Magistrado ponente: Camilo Humberto Tarquino Gallego

CORTE SUPREMA DE JUSTICIA República de Colombia Corte Suprema de Justicia República de Colombia Corte Suprema de Justicia Rad. No.34788 JOSÉ ALFONSO FULA CRUZ VS. FONDO DE PASIVO DE FERROCARRILES NACIONALES DE COLOMBIA. CORTE SUPREMA DE JUSTICIA SALA DE CASACIÓN LABORAL Magistrado Ponente: CAMILO TARQUINO GALLEGO Radicación No. 34788 Acta No. 35 Bogotá, D.C., ocho (8) de septiembre de dos mil nueve (2009).

Resuelve la Corte el recurso extraordinario de casación interpuesto por el apoderado del FONDO DE PASIVO SOCIAL DE FERROCARRILES NACIONALES DE COLOMBIA, contra la sentencia proferida por el Tribunal Superior del Distrito Judicial de San Andrés, Providencia y Santa Catalina Islas, el 31 de octubre de 2006, en el proceso ordinario laboral promovido por JOSÉ ALFONSO FULA CRUZ contra la recurrente.

ANTECEDENTES: JOSÉ ALFONSO FULA CRUZ demandó al FONDO DE PASIVO SOCIAL DE FERROCARRILES NACIONALES DE COLOMBIA, para que se condene a “El reconocimiento y pago de la Pensión Especial de Jubilación (…), por haber reunido los presupuestos de ley, en cuantía indexada de $103.054.28.oo mensuales, y sin consideración a la edad desde el día 18 de julio de 1992 y/o desde el 10 de julio de 1989, junto con los incrementos o reajustes de orden legal y convencional”; pidió el pago de las mesadas ordinarias y adicionales causadas, debidamente indexadas desde el 18 de julio de 1992, hasta la fecha en que sea incluido en nómina.

En subsidio, deprecó el reconocimiento y pago de la pensión sanción, “en los términos legales y convencionales, desde la fecha del despido, y/o a partir de la fecha en que el actor haya cumplido o cumpla la edad prevista en la ley”, junto con el de las mesadas ordinarias y adicionales insolutas, indexadas, con los aumentos legales y convencionales, así como cualquier otro derecho relacionado con los pedimentos anteriores, “tal como la Indemnización por mora prevista en el artículo 8º de la ley 10 de 1.972”.

Los hechos en que funda sus pretensiones, informan que en ejecución de un contrato de trabajo, el demandante laboró para los FERROCARRILES NACIONALES DE COLOMBIA, entre el 29 de septiembre de 1969 y el 9 de julio de 1989, y que el último puesto de trabajo que ocupó fue el de Frenero.

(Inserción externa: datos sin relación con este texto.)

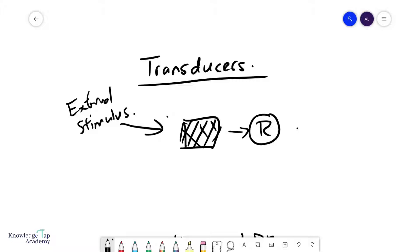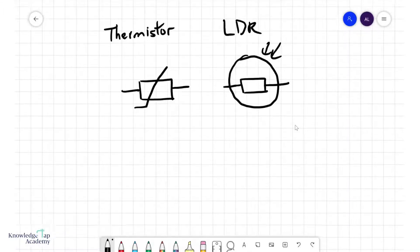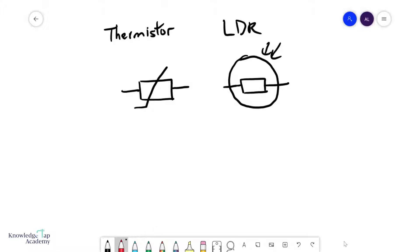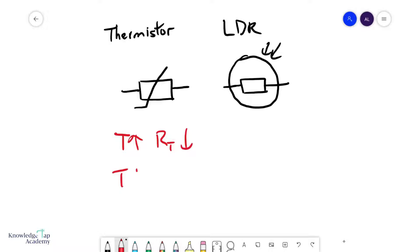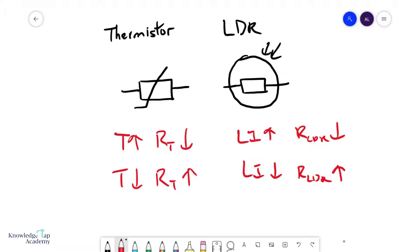At A-level, the two typical transducers you will deal with are the thermistor and the LDR. These are their symbols. A thermistor is a device that responds to temperature — when temperature goes up, resistance goes down, and vice versa. For the LDR (light dependent resistor), when light intensity goes up, resistance goes down, and vice versa. You should always remember, unless otherwise specified, that both of these have negative coefficients, meaning their resistance moves in the opposite direction to the external stimulus.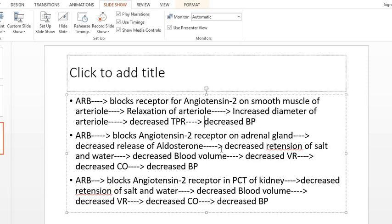Second, angiotensin 2 receptor blockers block the angiotensin 2 receptor on the adrenal gland. When this receptor is blocked, the adrenal gland cannot release aldosterone. Without aldosterone, there is less retention of salt and water from the kidney, leading to reduced blood volume, reduced venous return, reduced cardiac output, and therefore reduced blood pressure — since blood pressure equals cardiac output multiplied by TPR.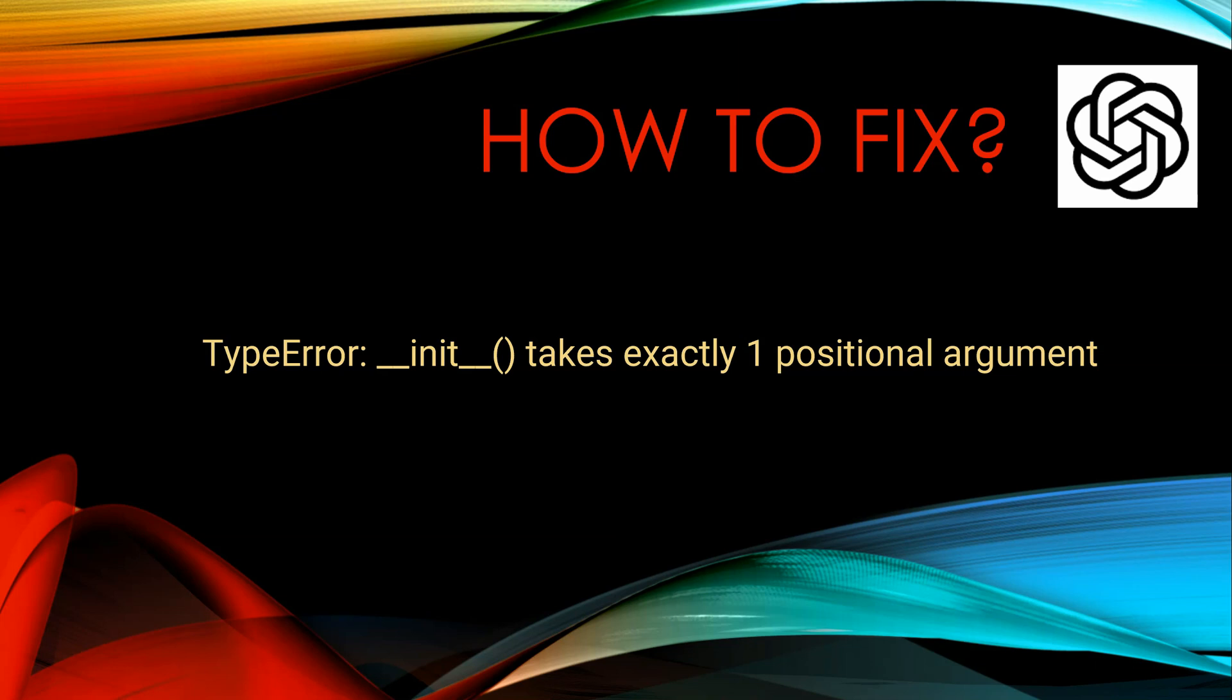So I thought to come up with a few videos in the next few days wherein I will be talking about one issue. The first issue which I am taking today is about a TypeError.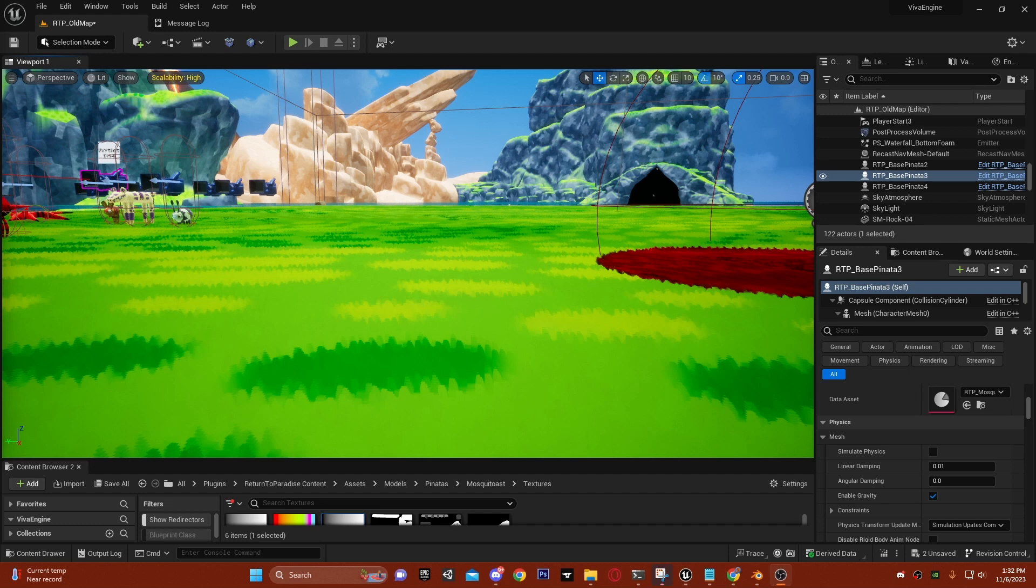Hello everyone. Today I would like to introduce how my fan game Viva Pinata renders the grass and fur in Unreal Engine.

Que dada la injusticia de su desvinculación, demandó el reintegro, junto con el pago de salarios dejados de percibir desde el despido hasta la reincorporación, y en subsidio el pago de las indemnizaciones por despido injusto, y moratoria, “habiendo considerado el Tribunal (…), que no obstante haber estado vinculado hasta el 17 de julio de 1992, solo se le tuvó (sic) en cuenta el realmente trabajado (29 de septiembre de 1969 a 9 de julio de 1989); es decir que dejó por fuera el tiempo cesante, no obstante haberle cancelado el Fondo (…) hasta el 17 de julio de 1992, inclusive”.

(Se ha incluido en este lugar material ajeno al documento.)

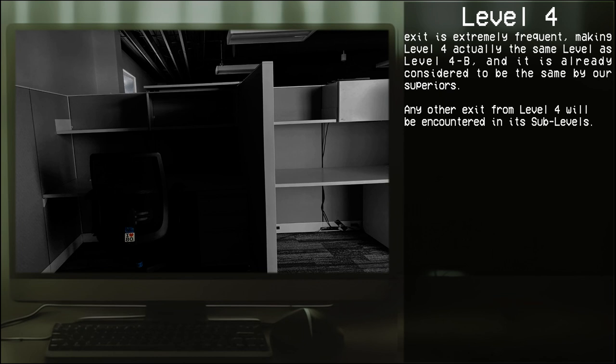Any other exit from Level 4 will be encountered in its sub-levels.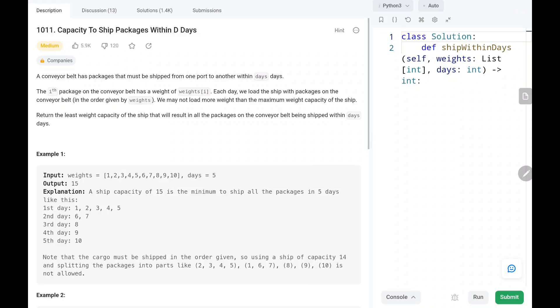Hey everyone, welcome to TechQuired. In this video we are going to solve problem number 1011, capacity to ship packages within D days. You will see the logic and the code for this problem. Now let's dive into the solution.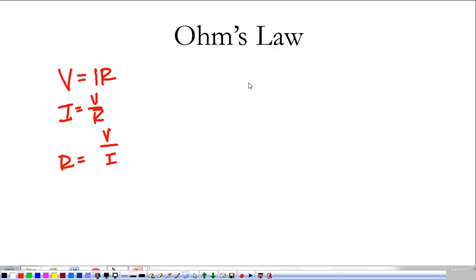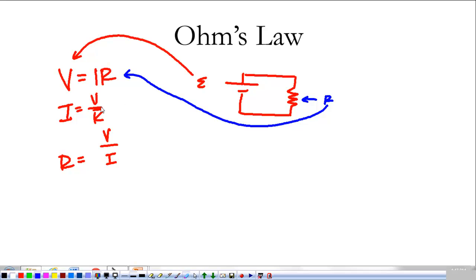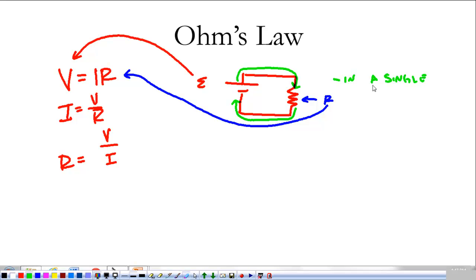What Ohm's Law does is tell me how charges move through a circuit. In a very simple circuit we have a battery, a wire carrying current, and a resistor. The battery is the source of EMF — that's my voltage — and the resistor is the source of resistance. Conventional current flows through the resistor. The circuit is full of electrons all moving at a constant rate; the current on one side of the resistor is the same as on the other side. In a single loop of wire, current is constant.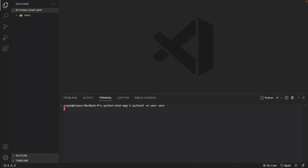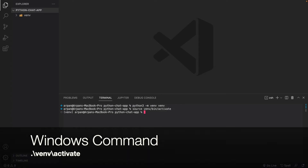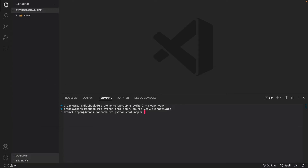I'll hit enter and after a few seconds you can see it pops up in the sidebar. Now that we've created our environment we need to activate it. To activate it you do `source venv/bin/activate` — this command is for Mac users, so if you're on Windows I'll have the command on screen. Now that we've created and activated our virtual environment, we need to install our dependencies: Flask and Flask-SocketIO. To install them, do `pip3 install flask flask-socketio`. If you're on Windows it's the same command but use `pip` instead of `pip3`.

Que demandó el reconocimiento de la pensión vitalicia de jubilación, a la que cree tener derecho, por haber prestado sus servicios durante más de 20 años, sin importar la edad, con resultados adversos, y que lo pretendido en el presente proceso es “LA PENSION ESPECIAL y subsidiariamente LA PENSION SANCION (…); situación esta que no ha sido demandada con anterioridad, y por ello su procedencia y efectividad de acuerdo a derecho”, a la que le atribuye el soporte del artículo 7º del Decreto 0891 de 1991, según el cual, los empleados oficiales que a la fecha de vigencia de la norma, o durante el término de liquidación, cuenten más de 15 años de servicio a los Ferrocarriles Nacionales, sin consideración a la edad, tienen derecho a una pensión de jubilación proporcional al tiempo de servicio, que fue reglamentado por el Decreto 1651 del mismo año; empero, dice, el respaldo normativo fundamental de su aspiración, se encuentra en el artículo 4º del Decreto 1590 de 1989, que estatuye que aquellos servidores “que al entrar a regir el decreto sobre su liquidación les faltaren tres (3) años o menos para cumplir los requisitos de la pensión de jubilación tendran (sic) derecho a esta…”.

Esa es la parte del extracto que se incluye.